Andy Stott is a British electronic musician and producer, living in Manchester.[1]
Biography
Stott's debut album was Merciless[2] in 2006, followed by Unknown Exception in 2008. The EP Passed Me By (2011) marked a significant change in his sound; it has none of the elements of his previous dub techno release, opting for a much more bass-heavy sound.[3] The album Luxury Problems was released in 2012.[4]Luxury Problems received top album awards from both Resident Advisor[5] and Pitchfork.[6]
Stott has undertaken several productions under the moniker Andrea and these works were released on Daphne, a sublabel of Modern Love.[7] Most of this work is in association with MLZ / Pendle Coven's Miles Whittaker who used the moniker Millie in the recordings[8] and were released as Millie & Andrea.

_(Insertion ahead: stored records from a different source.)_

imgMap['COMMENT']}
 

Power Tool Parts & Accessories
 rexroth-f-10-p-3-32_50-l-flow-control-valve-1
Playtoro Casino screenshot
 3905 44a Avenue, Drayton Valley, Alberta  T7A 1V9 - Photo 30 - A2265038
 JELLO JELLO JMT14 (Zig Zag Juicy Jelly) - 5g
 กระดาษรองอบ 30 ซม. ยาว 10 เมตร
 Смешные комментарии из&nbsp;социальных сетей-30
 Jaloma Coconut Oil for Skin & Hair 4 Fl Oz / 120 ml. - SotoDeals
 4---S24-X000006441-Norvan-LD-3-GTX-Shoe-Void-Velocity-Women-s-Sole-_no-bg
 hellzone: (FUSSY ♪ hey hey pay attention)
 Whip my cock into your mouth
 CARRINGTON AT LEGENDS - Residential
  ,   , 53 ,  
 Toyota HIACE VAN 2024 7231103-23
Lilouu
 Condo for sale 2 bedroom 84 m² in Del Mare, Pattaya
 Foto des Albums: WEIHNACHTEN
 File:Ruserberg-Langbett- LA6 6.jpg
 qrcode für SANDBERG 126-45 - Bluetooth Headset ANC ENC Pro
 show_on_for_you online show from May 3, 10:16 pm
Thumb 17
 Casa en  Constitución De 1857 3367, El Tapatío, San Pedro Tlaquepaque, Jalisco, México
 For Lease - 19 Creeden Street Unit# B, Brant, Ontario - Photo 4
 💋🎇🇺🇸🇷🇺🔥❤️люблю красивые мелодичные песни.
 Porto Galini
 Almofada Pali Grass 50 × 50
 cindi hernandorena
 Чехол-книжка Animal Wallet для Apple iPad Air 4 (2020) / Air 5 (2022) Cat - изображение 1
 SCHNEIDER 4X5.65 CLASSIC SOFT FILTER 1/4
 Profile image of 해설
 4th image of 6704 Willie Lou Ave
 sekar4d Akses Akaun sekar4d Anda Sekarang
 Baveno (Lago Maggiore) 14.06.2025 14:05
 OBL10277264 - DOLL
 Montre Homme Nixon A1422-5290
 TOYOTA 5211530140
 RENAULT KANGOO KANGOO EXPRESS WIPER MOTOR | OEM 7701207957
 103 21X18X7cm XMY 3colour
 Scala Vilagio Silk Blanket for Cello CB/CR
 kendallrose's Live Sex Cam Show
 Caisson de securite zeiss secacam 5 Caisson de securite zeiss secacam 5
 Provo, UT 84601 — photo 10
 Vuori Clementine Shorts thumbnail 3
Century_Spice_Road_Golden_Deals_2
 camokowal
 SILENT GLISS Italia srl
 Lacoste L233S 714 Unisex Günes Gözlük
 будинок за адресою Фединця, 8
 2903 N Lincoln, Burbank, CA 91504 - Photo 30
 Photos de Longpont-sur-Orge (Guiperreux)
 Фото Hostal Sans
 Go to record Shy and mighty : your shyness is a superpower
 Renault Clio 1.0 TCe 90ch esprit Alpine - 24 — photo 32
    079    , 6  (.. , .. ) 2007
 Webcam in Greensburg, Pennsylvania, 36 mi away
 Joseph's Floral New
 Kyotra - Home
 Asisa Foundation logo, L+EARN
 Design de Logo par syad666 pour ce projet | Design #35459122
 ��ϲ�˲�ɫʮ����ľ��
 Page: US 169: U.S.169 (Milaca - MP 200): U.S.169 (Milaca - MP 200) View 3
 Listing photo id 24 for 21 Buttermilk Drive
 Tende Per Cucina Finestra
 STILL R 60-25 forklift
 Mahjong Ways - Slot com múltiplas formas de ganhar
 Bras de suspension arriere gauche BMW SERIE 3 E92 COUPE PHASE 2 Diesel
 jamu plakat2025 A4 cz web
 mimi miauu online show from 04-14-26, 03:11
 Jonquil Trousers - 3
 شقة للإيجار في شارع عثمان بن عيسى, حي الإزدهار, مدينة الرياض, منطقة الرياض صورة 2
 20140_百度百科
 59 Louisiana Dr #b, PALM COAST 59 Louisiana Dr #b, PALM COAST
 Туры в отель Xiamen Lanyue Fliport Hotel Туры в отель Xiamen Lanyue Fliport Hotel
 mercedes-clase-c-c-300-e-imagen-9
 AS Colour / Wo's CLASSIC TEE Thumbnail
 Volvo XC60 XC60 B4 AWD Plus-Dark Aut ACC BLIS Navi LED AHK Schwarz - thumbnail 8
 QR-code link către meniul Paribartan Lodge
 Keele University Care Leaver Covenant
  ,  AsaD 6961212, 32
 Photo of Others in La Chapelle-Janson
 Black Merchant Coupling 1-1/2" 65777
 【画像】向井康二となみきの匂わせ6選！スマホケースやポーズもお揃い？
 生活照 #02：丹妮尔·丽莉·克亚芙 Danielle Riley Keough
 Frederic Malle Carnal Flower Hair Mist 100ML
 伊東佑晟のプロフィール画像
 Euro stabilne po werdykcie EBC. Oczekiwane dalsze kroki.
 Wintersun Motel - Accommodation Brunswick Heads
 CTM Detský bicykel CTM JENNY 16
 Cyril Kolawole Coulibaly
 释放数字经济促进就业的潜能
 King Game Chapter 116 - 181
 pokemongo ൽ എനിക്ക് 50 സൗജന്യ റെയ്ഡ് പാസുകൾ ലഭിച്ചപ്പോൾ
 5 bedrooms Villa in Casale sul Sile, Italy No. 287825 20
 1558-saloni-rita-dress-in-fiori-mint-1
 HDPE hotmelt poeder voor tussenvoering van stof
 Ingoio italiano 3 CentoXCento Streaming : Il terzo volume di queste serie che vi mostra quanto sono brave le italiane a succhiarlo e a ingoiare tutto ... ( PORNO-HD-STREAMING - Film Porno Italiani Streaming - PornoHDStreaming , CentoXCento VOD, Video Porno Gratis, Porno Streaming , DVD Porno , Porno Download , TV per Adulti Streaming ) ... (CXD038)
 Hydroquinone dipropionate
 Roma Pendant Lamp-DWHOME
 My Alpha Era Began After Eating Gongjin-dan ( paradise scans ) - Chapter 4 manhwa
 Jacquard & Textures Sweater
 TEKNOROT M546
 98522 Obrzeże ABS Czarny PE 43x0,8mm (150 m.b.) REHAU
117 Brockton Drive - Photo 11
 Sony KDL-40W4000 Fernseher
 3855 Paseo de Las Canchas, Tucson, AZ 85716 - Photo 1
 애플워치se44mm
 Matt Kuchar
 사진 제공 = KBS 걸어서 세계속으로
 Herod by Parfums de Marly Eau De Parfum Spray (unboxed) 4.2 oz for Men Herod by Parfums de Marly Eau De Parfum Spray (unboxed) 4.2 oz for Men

In 2012, Stott collaborated with the Brooklyn duo The Hundred in the Hands remixing Keep It Low[9][10] from their 2012 album, Red Night.[11] In March 2014, Millie & Andrea released Drop the Vowels.[12]
Artistry
Stott analogises making music to a scientist creating compounds, by figuring out formulas that use studio gadgets and parts of other music.[13] He never borrows inspiration from his personal experiences when he produces material.[13] As Zach Sokol explained when he interviewed Stott in 2016, "his music draws from where he's at creatively, functioning as a reflection of whatever curiosity is currently making the gears in his head churn."[13] When creating albums, he also tries to make each track have a very different aesthetic by using a variety of equipment and musical influences.[13] As he explained, "I go to the studio and I don't mess around, but at the same time, I don't really know what's going to come out."[13] Modern Love boss Shlom Sviri also contributes suggestions and ideas to Stott when he creates tracks and sequences the order of songs on his LPs.[13]
All of Stott's work touches on many types of experimental styles and genre.[14][15]Tiny Mix Tapes writer Birkut analysed Stott's works employ neo-futuristic themes and are hard to label in specific genres because they are "shifting disfiguration of Detroit techno, grime, house, and industrial music."[16] Stott's music contains a melodic structure that has been compared by multiple critics to Cocteau Twins and Dead Can Dance.[14] A trademark element in his works is the use of rhythms that are slightly off beat, which often gives the tracks a feeling of anxiety.[14]
Since Luxury Problems, vocals from Stott's former piano teacher Alison Skidmore appear on his music,[17] and numerous pieces about Stott's second, third and fourth studio albums highlighted, as well as praised, the interplay between the menacing instrumentals and the light tones of Skidmore's singing.[3][15][18][19] The vocals have a bright pop tinge[14] and an ethereal tone that contradict the otherwise sinister vibe of the instrumentals.[17] As Stott discussed creating Luxury Problems, "when it was suggested that I use a vocalist, I was worried that it would sound different to the normal way that I write tunes, but when I heard that bass coming from the speakers, that visceral bass, I knew that I still wanted that undertone as a counterpoint to her vocals."[17]
An Electronic Beats review of Luxury Problems described its sounds as presenting "the beautifully decayed aura of concrete and chrome, halogen and grime—the soul of a heaving, monstrous city at twilight, equal (yet often struggling) parts fragile light and enclosing darkness."[18] Writing a PopMatters article about Too Many Voices, Alex Franquelli wrote that "patches of comfort" are included for the "sole purpose of creating an imbalance that makes the darker elements stand out and shine in all their misty glare."[19] Reed Scott Reid's review of Luxury Problems for Tiny Mix Tapes analyse it "represents an apogee of scruffy elegance, curdled rhythms growling within the crumbling masonry of its bitworn shunt."[20] He wrote the vocals "dimly illuminate a pervasive auroral gloom, shafts of ecru and dun mottled with putrescent tinctures; a mournful, angelic presence – a long-deceased sacristan, perhaps – bleeding through the aether as faint drumsteps crack gravel."[20]
Personal life
Stott is married, and has a son who was born in August 2012.[21]